Two parts of southern Afghanistan were seen as having made security progress: the Kandahar and Helmond provinces, currently hosting tens of thousands of American troops. But the occupiers' partial success in squeezing Taliban out of those areas has pushed them to the north and west. Total violent incidents—"kinetic events," in the report's parlance—were up 65 percent in the third quarter of 2010 compared to the same period in 2009. Meanwhile, the Taliban will likely "retain operational momentum in some areas" as long as they can hide and regroup in Iran and Pakistan.
The share of Afghans who think their security situation is bad, now 20 percent, is higher than it has been as long as these reports have been issued at Congress's order, since September 2008. The report also notes "an almost 7 percent decline in Afghans' confidence in their government's ability to deliver reliable formal justice" since the last report.
The previous bi-yearly report from the Pentagon said the security situation continued to "deteriorate," and this new one says that is "relatively unchanged." Fear of a Taliban takeover isn't the sole reason insurgency support hasn't been shrinking; the report also notes that the corruption of the U.S.-backed Karzai government "remains a key reason for people supporting the insurgency."

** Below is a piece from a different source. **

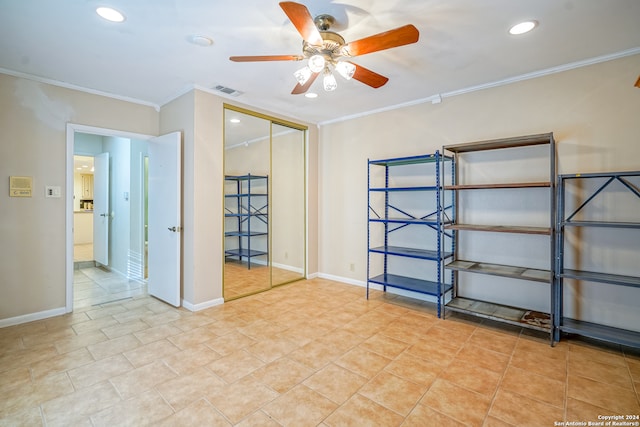 unfurnished room with ceiling fan and crown molding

All that may sound like an argument for ending the war. But the Pentagon implies that we could improve matters by declaring we never intend to leave: Lots of the security troubles, the study claims, can be blamed on a Taliban emboldened by the thought that the Americans are prepared to exit and an Afghan populace afraid to buck the Taliban for that same reason. The latest date for U.S. and allied troops to hand over security to the Afghan government has been pushed back to 2014.